Am folgenden Abend, wieder im Boulezsaal, ist es die Erhebung des Unfertigen zum Programm, was den Funken schlägt. Diese Unfertigkeit kann tragisch biographischer Art sein, wie im Falle der übel ausgebremsten Komponistin Rebecca Clarke (1886-1979). Mit deren Morpheus eröffnen Nils Mönkemeyer und William Youn ihr Konzert: ein Stück von 1918, zehn Jahre vor Clarkes weitgehendem Verstummen, zudem aus jenen Jahren nach 1900, als die Bratsche plötzlich zum Virtuos(inn)en-Instrument explodierte. Sucht die Bratsche hingegen in den Weiten des 18. und 19. Jahrhundert nach Repertoire, kann sie sich etwa Mozarts Violinsonate G-Dur KV 379 vornehmen: Da erwecken dann die Farben von Mönkemeyers Viola, die bis zur Gamben-Noblesse gehen, den beseligenden Eindruck, man höre abwechselnd mehrere verschiedene Instrumente. Oder die Bratsche adoptiert Franz Schuberts a-Moll-Sonate D821, die mit dem putzigen »Arpeggione« 1824 für ein Instrument komponiert wurde, das noch kürzer lebte als der arme Schubert.

Die thematisch konziseste Chose des Abends aber ist die Verbindung mehrerer Mozart-Fragmente durch Zwischenmomente der 1963 geborenen Isabel Mundry. Das ist keine museale Abfolge, sondern eine organisch komponierte Collage, die die Fragmente atmen lässt. Der »unfertige« Mozart wird Teil eines Musikflusses, der zeitlos um uns zu sein scheint. Da reicht von Mundry/Youns Seite manchmal bereits das kräftige Antreten des Pedals, das den ganzen Flügel in Schwingung versetzt.
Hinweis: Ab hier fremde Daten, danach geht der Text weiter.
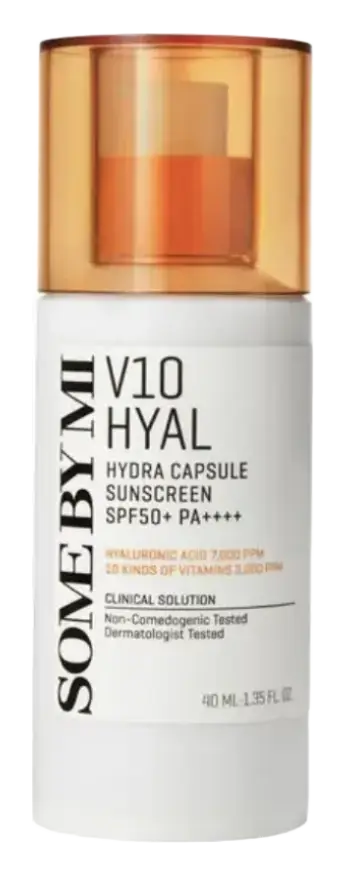 Some By Mi V10 Hyal Hydra Capsule Sunscreen SPF 50+ PA++++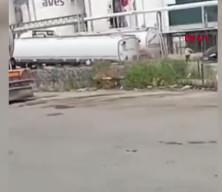 Mersin'de biyodizel &uuml;retim tesisinde yangın: 1 kişi hayatını kaybetti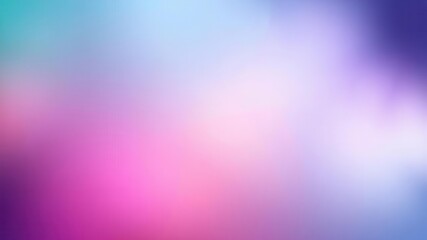 Soft Blurred Background in Vibrant Colors with Blending Hues of Blue, Pink, and Purple for Abstract Artistic or Creative Designs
Wenn zudem noch Schuberts Sonatensatz fis-Moll D571 von 1817 erklingt, den William Youn vervollständigt hat, ist wieder mal des Staunens kein Ende über den unermesslichen, berührenden Reichtum von Schuberts Schaffen in diesem absurd und empörend kurzen Leben. 


Transparenzhinweis: Albrecht Selge wird in Kürze selbst mit Nils Mönkemeyer und William Youn auf der Bühne des Bonner Beethovenhauses stehen, um in einem Konzert mit Lesung seinen neuen Roman Silence vorzustellen.